Materials provided:

[Start of Attachment]

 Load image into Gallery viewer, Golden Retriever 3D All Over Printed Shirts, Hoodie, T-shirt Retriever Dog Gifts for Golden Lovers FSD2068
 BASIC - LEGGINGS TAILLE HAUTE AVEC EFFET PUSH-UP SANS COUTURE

[End of Attachment]
[Start of Attachment]

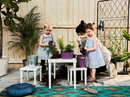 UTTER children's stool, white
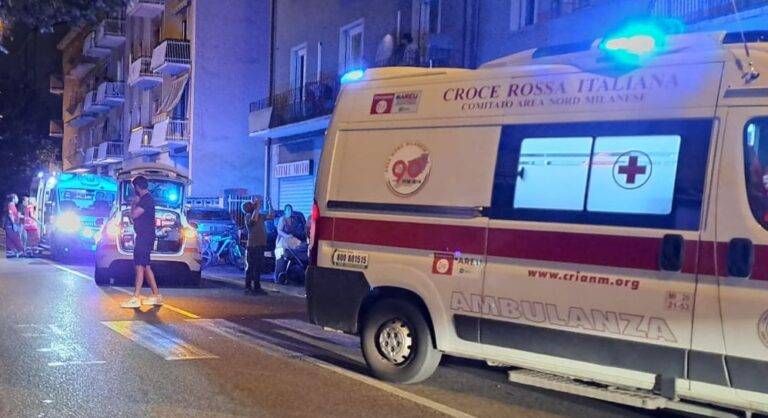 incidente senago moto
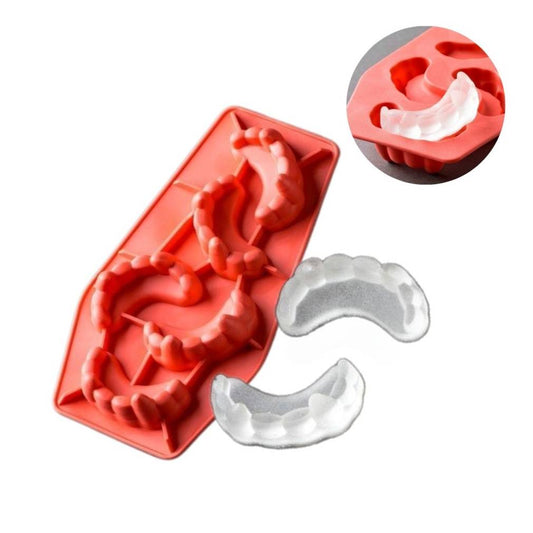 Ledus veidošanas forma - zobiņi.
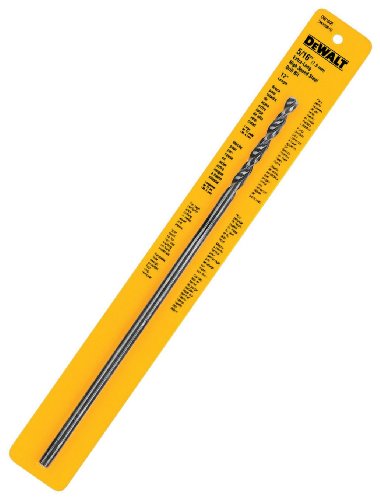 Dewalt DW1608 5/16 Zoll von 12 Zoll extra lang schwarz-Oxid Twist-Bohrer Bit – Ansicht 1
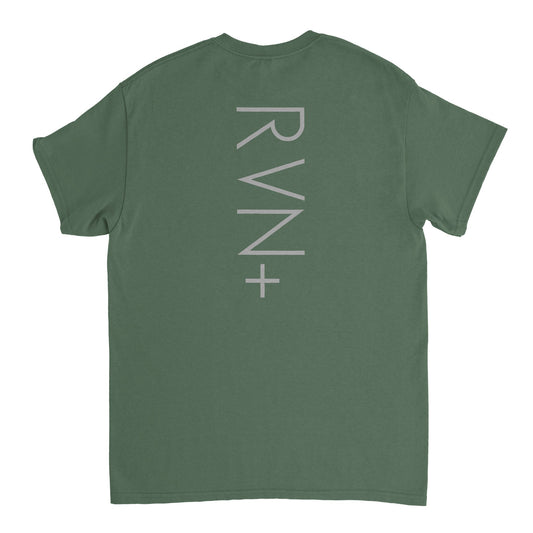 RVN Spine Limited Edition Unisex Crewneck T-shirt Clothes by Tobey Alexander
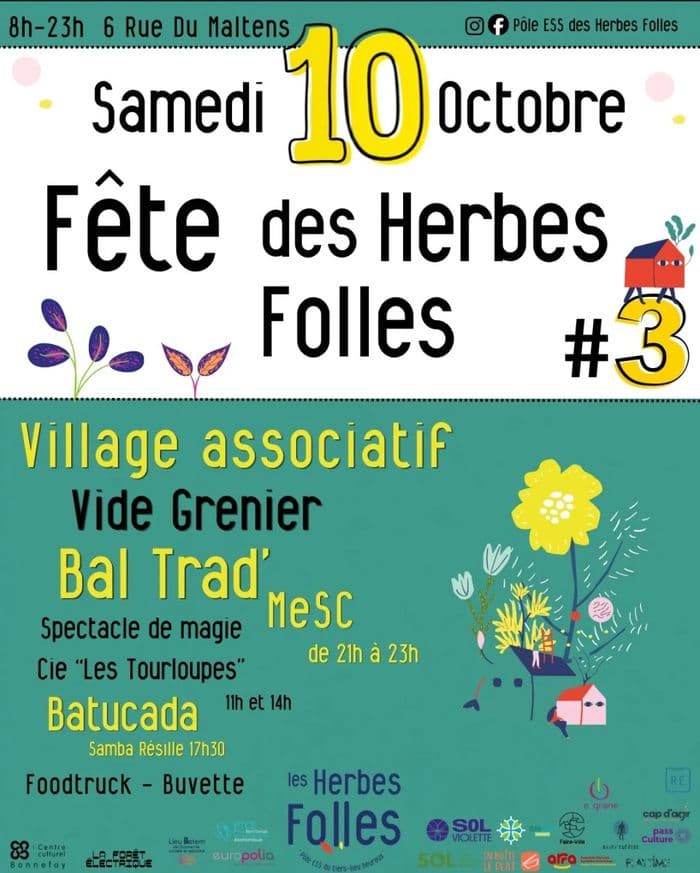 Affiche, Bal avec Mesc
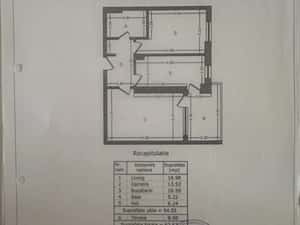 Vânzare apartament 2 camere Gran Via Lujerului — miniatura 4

[End of Attachment]

Exercise prompt:
Copy needed, without pictures: the lines of the listing above from the line containing "Dewalt DW1608 5/16" up to and including the line containing "Vânzare apartament 2", set down exactly.

Answer area:
 Dewalt DW1608 5/16 Zoll von 12 Zoll extra lang schwarz-Oxid Twist-Bohrer Bit – Ansicht 1
 RVN Spine Limited Edition Unisex Crewneck T-shirt Clothes by Tobey Alexander
 Affiche, Bal avec Mesc
 Vânzare apartament 2 camere Gran Via Lujerului — miniatura 4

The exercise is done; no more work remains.